§ **Prompt**:
Transcribe the listing verbatim. Do not carry over any pictures.

━━━ Given material ━━━

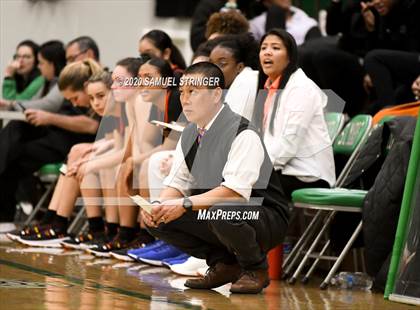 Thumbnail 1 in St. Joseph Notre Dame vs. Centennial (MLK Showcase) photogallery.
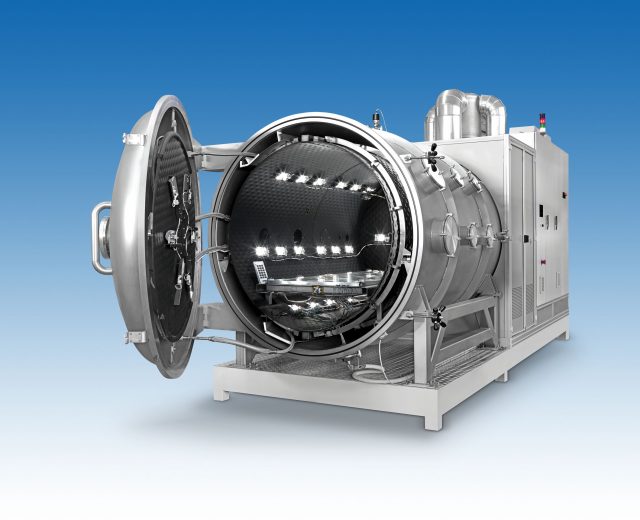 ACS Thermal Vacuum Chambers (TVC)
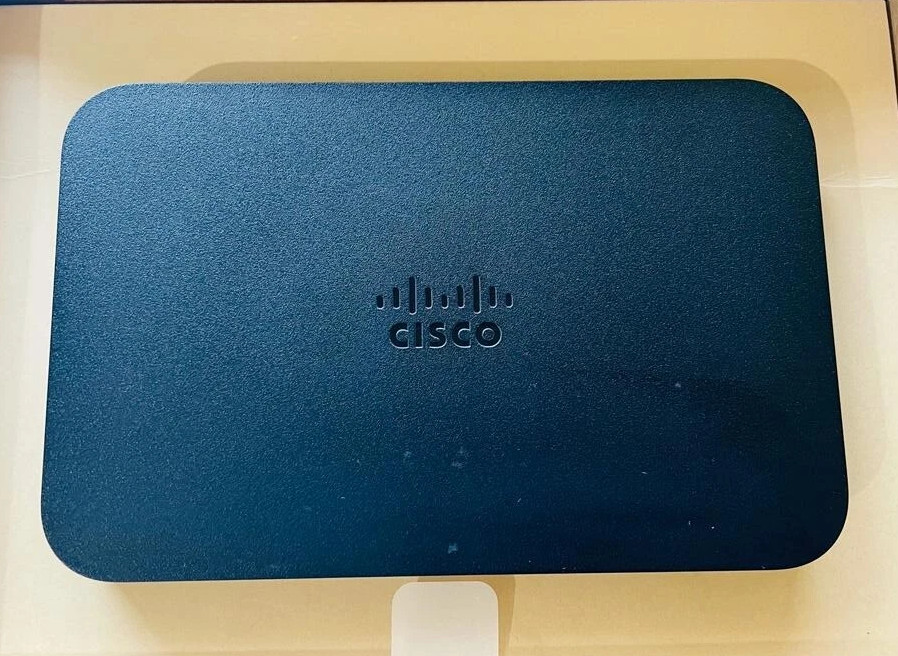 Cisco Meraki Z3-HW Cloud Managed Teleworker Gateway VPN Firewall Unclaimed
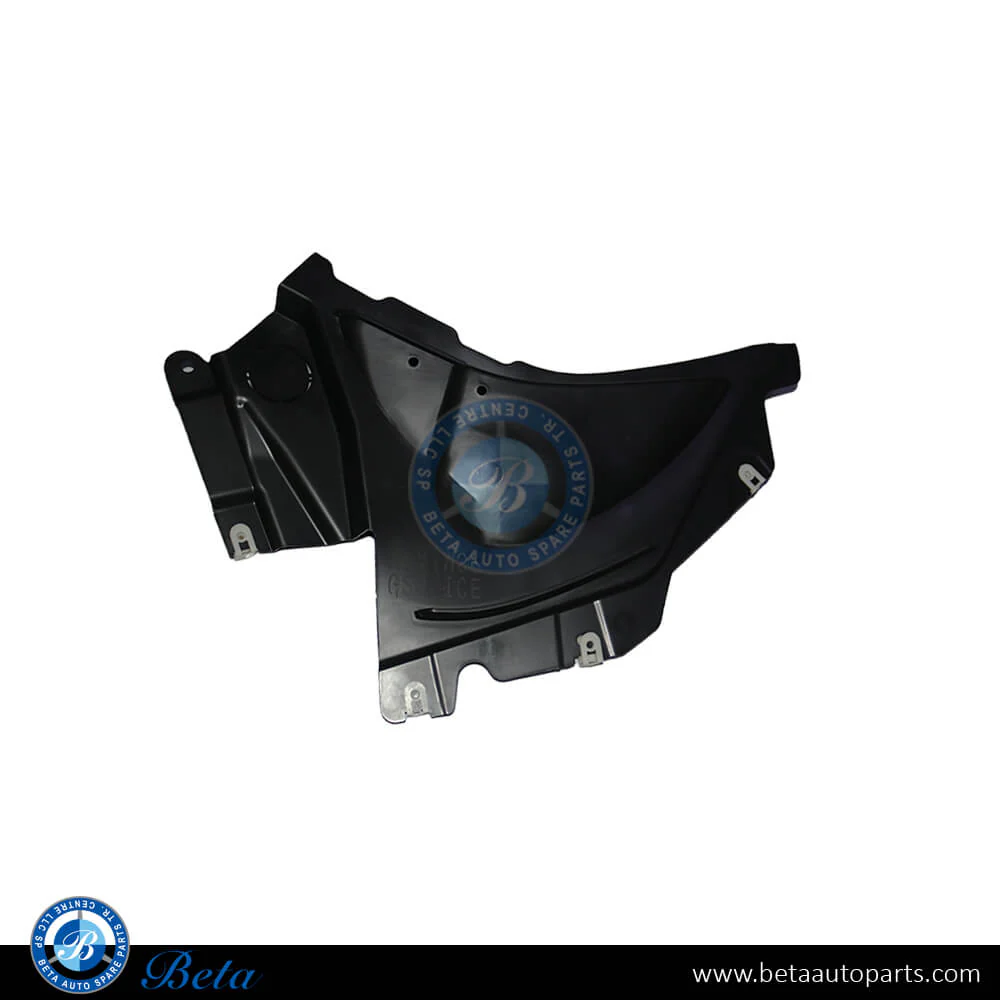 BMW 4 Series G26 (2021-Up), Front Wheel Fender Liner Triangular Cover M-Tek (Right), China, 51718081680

━━━

§ **Result of this task**:
 Thumbnail 1 in St. Joseph Notre Dame vs. Centennial (MLK Showcase) photogallery.
 ACS Thermal Vacuum Chambers (TVC)
 Cisco Meraki Z3-HW Cloud Managed Teleworker Gateway VPN Firewall Unclaimed
 BMW 4 Series G26 (2021-Up), Front Wheel Fender Liner Triangular Cover M-Tek (Right), China, 51718081680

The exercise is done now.